My sons keep themselves awake at night,
their distress the warp and their fear the weft
of a blanket that dares them to sleep,
that eagerly waits to drag them down
into their darkness, gasping.

I hear this, I see this, I know this, I care;
I raised them, I love them, I do.
And it’s not that I want to, or don’t,
or should or shouldn’t or won’t,
it’s their time, not mine;
so for me, I’m sorry,
but at night,
I sleep like
a stone.

Thank you for reading All grown up. I humbly appreciate your visiting the Book of Pain, and as always, I look forward to your comments.
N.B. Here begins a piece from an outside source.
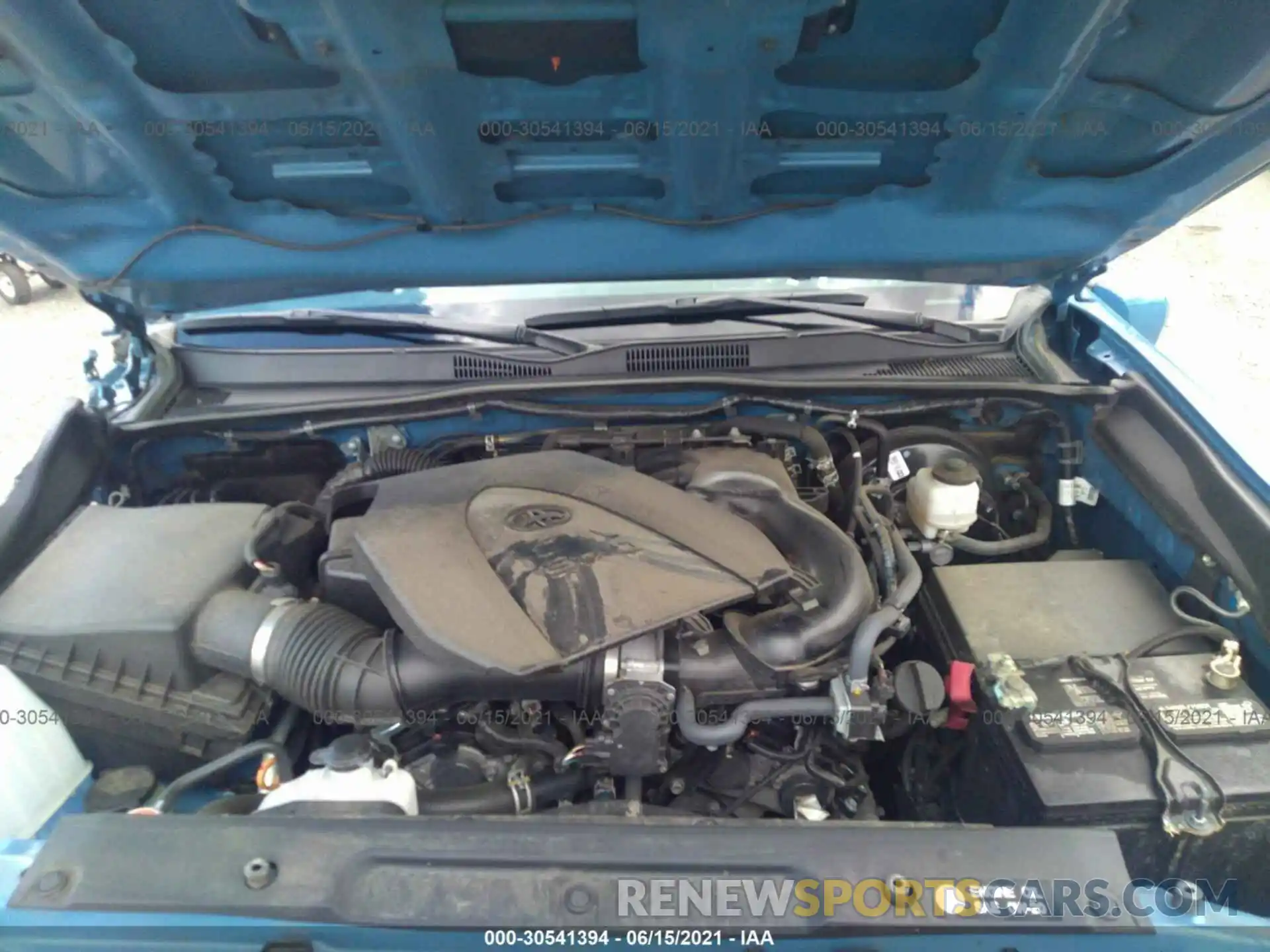 10 Photograph of a damaged car 5TFCZ5AN8KX172488 TOYOTA TACOMA 4WD 2019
The photograph was taken at the Fundació Joan Miró museum in Barcelona, Spain. I cannot remember the artist’s name, but it was from an installation entitled Scars. To see my photography blog, please visit the Book of Bokeh.

john

Photograph, poem, and notes © John Etheridge; all rights reserved. The poem and accompanying notes are licensed under the Creative Commons Attribution-Noncommercial-No Derivative Work 3.0 Unported License. This applies to all original written work found on this site unless noted otherwise. The attribution claimed under the license is © John Etheridge,  https://bookofpain.wordpress.com. The photograph is not licensed for use in any way without the expressed consent of its creator.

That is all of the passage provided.